Vanessa, 503 giorni fa cosa ha pensato?
«Che tutto era finito. Era ai mondiali di Montreal, tendine d’Achille sinistro rotto, che mi salta durante l’esercizio, io in infermeria guardo papà, allenatore, e manager, e dico: basta, smetto. Nessuno in quel momento cerca di farmi cambiare idea, anche perché sapevano che l’avrei fatto prima»
Lei la dura, si mise a piangere.
«Sì, ma solo perché l’oro sfumava.
Perdere una medaglia fa più male che una frattura. E tra l’altro quello era lo stesso piede operato. Ma due settimane dopo ero di nuovo in pedana. Con il gesso»
Se si qualifica sarà la sua quarta Olimpiade.
«E mi farò il quarto tatuaggio. Ma non mi interessa né essere la più vecchia, né l’unica ginnasta azzurra a partecipare a quattro edizioni dei Giochi. Io voglio vincere, voglio una medaglia, quella che mi sfugge, e che continuo ad inseguire».
Da bambina testarda o da donna consapevole?
«Tutte e due. Oggi sono più cosciente dei miei mezzi, un po’ meno impulsiva, ma sempre innamorata dei miei sogni. Mi alleno 9-13 tutti i giorni fino al sabato, raddoppio il lavoro martedì e giovedì. Mi sono rimessa in gioco, il destino contro si può battere, anche se non sto ancora bene».
Ha anche cambiato musica.
«Sì, niente più Puccini, Tosca, Madama Butterfly, Turandot. A Melbourne ho gareggiato con le note di "Bambola" di Betta Lemme.

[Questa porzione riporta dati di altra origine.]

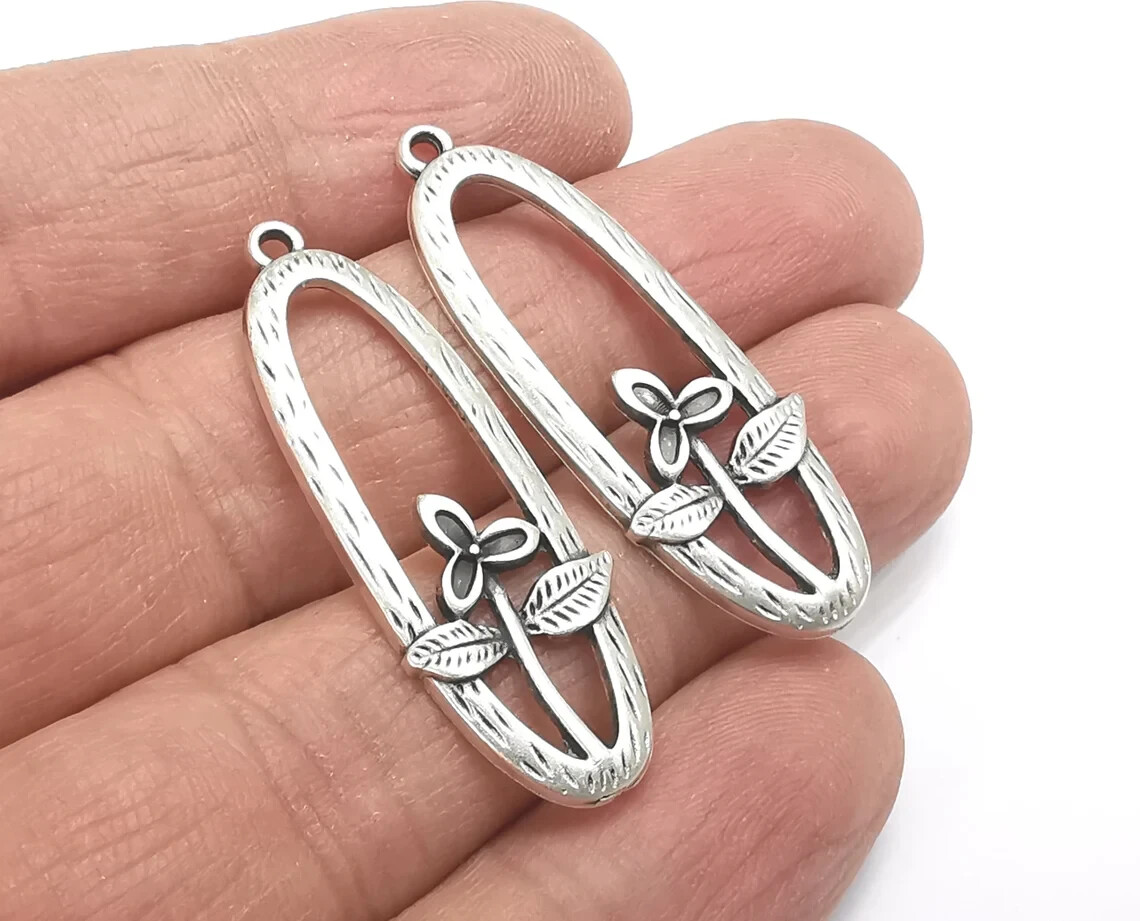 2 Pieces Flower Leaf Oval Charms Antique Silver Plated jewelry Accessories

Stessa cosa farò a Baku tra due settimane».
Il destino salta più di lei e le ha negato una medaglia olimpica.
«Nella mia testa io a Londra ho vinto il bronzo, quarta a pari merito con la russa Mustafina, però a lei i giudici diedero un punteggio più alto nell’esecuzione, anche se il mio esercizio aveva un coefficiente di difficoltà più alto».
Ora i giudici l’hanno premiata
con 13.600 punti.
«Un punteggio che agli ultimi mondiali sarebbe valso l’accesso alla finale, ripeto che io faccio quello che posso, ma continuo a volerci provare. Perché la cosa peggiore, quello che proprio non sopporto, è lasciare perdere quando sai che non avrai altre occasioni».
Niente rimpianti.
«No, non voglio averne. Non voglio ritrovarmi dopo i sacrifici e il calvario che ho attraversato a volare sui se e sui magari. Ho un’ultima possibilità, e non importa se fisicamente ho ancora dolore, voglio provarci lo stesso».
La dedica questa volta, nei 150 anni della federazione ginnastica?
«A me stessa, a noi, al mio gruppo, all’esercito, alla federazione, a chi mi ha assistito, dandomi anche un tutor come Anna Samaldello, che mi segue con costanza».
Lei è l’unica sportiva che ha ottenuto un impianto.
«Sono di Orzinuovi, sulla sponda sinistra dell’Oglio. Ho iniziato volteggiando in una piscina dismessa vicina al casello di Brescia Ovest. Un posto dove avevano riempito le vasche con la gommapiuma e dove non c’era lo spazio per provare gli esercizi. A 16 anni dopo i primi successi chiesi pubblicamente un impianto decente, arrivò il PalAlgeco».
Diceva di girare sempre con la bilancia.
«Non più. Non sono a dieta, mi controllo da sola. Ma una pizza Margherita intera non la mangio, sogno sempre la cioccolata, quando vinco festeggio con la Nutella, che resta sempre un grande conforto».
Un consiglio a chi è infortunato.
«Non mollate mai, anche se c’è un prezzo da pagare. Lavorate duro e tutto andrà a posto. Il vento non può sempre soffiare contro. Io domani torno in palestra, a soffrire per volare».